Figure 2: Eight urine proteins that discriminate BC from controls based on the Luminex-based screen of 16 proteins. Receiver Operating Curve Area Under Curve (ROC-AUC) plots were generated for eight urine proteins including Eotaxin, GROα, IL-1α, IL-1ra, IL-8, IP-10, MIP-1β, and SDF-1α to determine their ability to discriminate BC from controls. AUC values and p-values are listed on each curve. The closer the AUC value is to 1, the higher the discriminatory potential of the protein to distinguish between the two groups, with maximized specificity and sensitivity. All of the proteins exhibited AUC values of 0.70 or higher, with p-values < 0.0001, except IP-10 which had a p-value of 0.0002. A correlation plot was also generated for these eight urine proteins. Each circle represents the degree of correlation for the given protein pair, with blue intensity corresponding to positive correlation and red intensity corresponding to negative correlation.

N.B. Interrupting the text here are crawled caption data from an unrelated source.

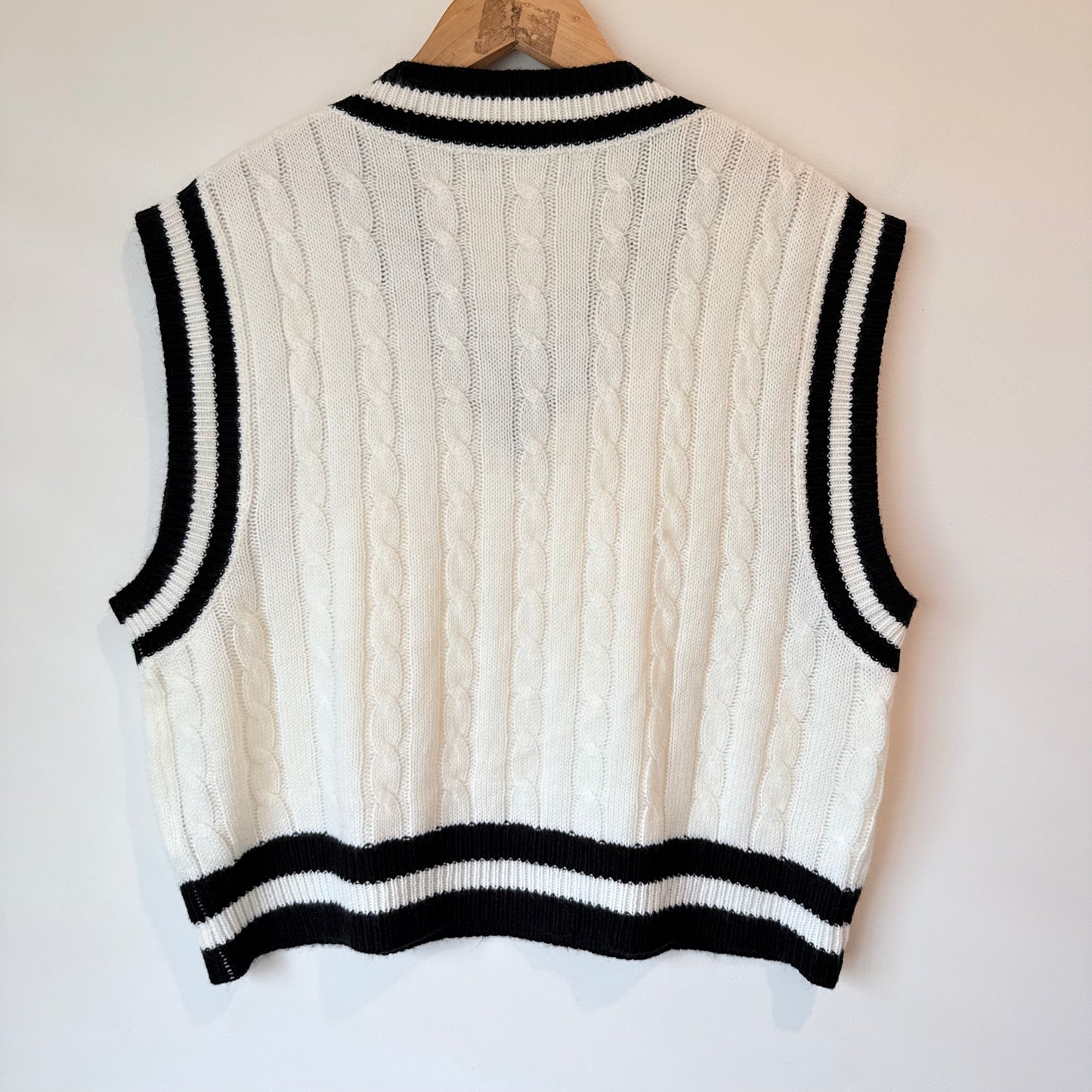 Cut Label 100% Acrylic White Sweater Vest - 50cm U/Arm to U/Arm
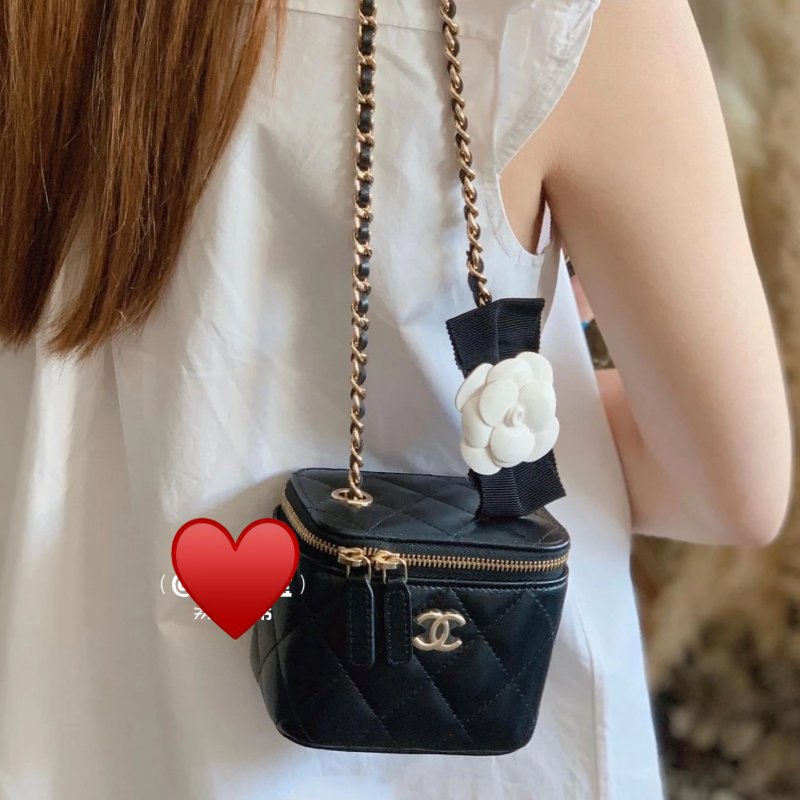 CHANEL 黑金蝴蝶結山茶花化妝盒子鏈條包10*9*7 98新配件塵袋-1
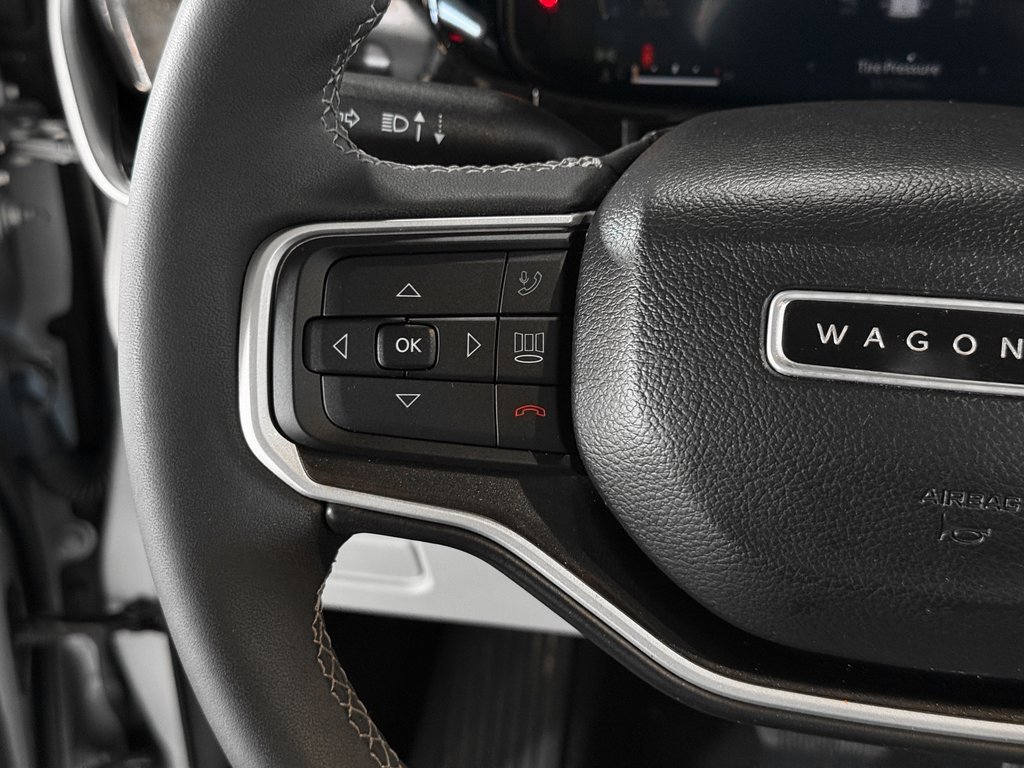 Used 2023 Jeep Wagoneer Base w/ Premium Group I image 26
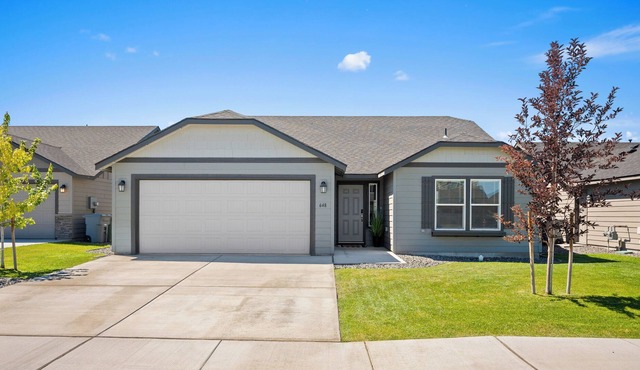 Cozy central location home just minutes from everything you need!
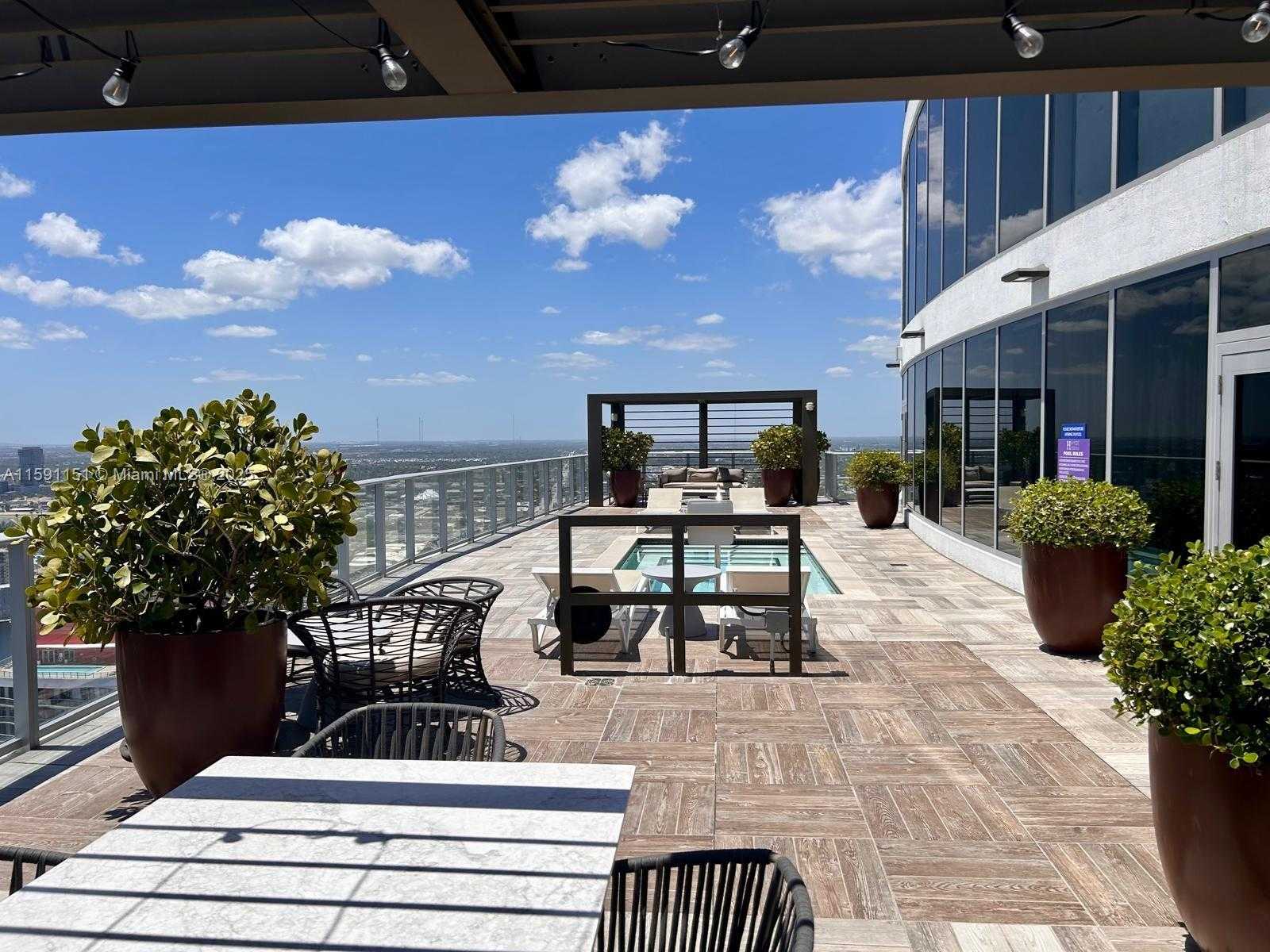 Small Image of 4010 SOUTH OCEAN DR #R2407, Hollywood Number 11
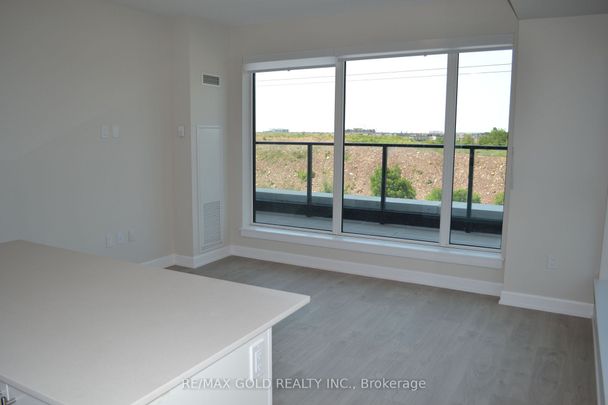 For Lease - 3200 William Coltson Avenue Unit# 323, Oakville, Ontario - Photo 1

ELISA validation of Hits from the Luminex screen
An independent cohort of 80 urine samples (20 urology clinic controls, 35 Ta, 5 Tis, 8 T1, and 12 T2-T4) was used for ELISA validation of IL-1α, IL-1ra, IL-8, and SDF-1α. The latter group included 8 patients with T2, 2 with T3 and 2 with T4 BC. The mean and median values of each urine protein biomarker in all sample groups, and the fold change, AUC, sensitivity, specificity, NPV, PPV values are summarized in Supplementary Table 1. Once again, IL-1α, IL-1ra, and IL-8 were significantly elevated in BC urine compared to the controls; however, SDF-1a failed to distinguish these groups (Supplementary Figure 1). Urine IL-1α, IL-1ra, and IL-8 were able to distinguish urine from controls and Ta as well as urine from controls and T2–T4, with IL-8 being the best discriminator (Figure 3 and Supplementary Table 1). Urine IL-8 and IL-1ra were also able to distinguish T1 BC from the controls, again with urine IL-8 being the better discriminator (Figure 3 and Supplementary Table 1).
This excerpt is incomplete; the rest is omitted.